Based on the book by Sister Helen Prejean detailing her experiences as a spiritual advisor to men on death-row, the material had previously been made into a 1995 film starring Susan Sarandon and Sean Penn.
Whatever the ultimate quality of the piece itself, and even without this high-profile media background, the subject is sufficiently emotive to engage any audience. In fact librettist Terrence McNally does a good job in creating a trajectory that leads us from the horrific rape and double murder committed by fictional criminal Joseph De Rocher to his eventual execution.
His character and Prejean’s inevitably steal the limelight and the bulk of the piece – though some time is given over to the parents of the victims, who are understandably not that keen to forgive him (or her). As a piece of theatre intended to advocate the abolition of the death penalty, the result is undeniably effective.
But to what extent the score provides a commensurate musical experience is debatable. Heggie writes fluently and with skill, but with little originality in what is essentially an apt, filmic accompaniment to the action.

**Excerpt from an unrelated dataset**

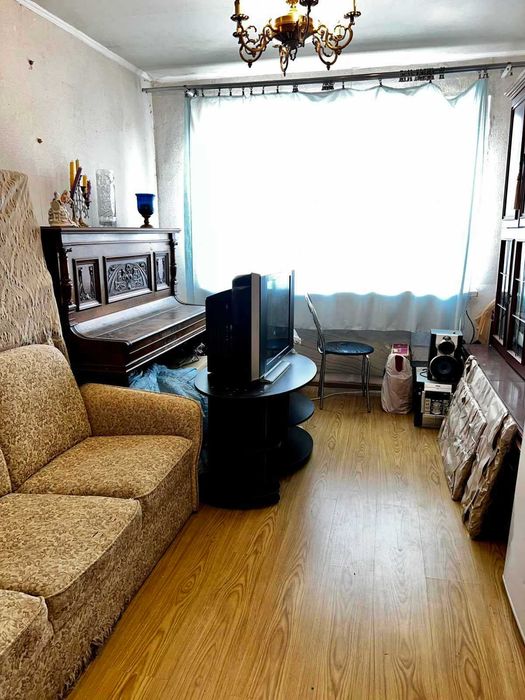 Продам 3-кімнатну квартиру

This semi-staging benefits from most of the cast and the conductor having recently taken part in a full-scale production in Madrid. As ever the committed artist, Joyce DiDonato knows how to maximise the potential of her role as Sister Helen, while Michael Mayes shirks none of the unpleasantness of Joseph De Rocher.
The secondary roles are all perfectly sketched in, while working with the BBC Symphony Orchestra, BBC Singers and Finchley Children’s Music Group, conductor Mark Wigglesworth ensures a tight, expertly driven performance.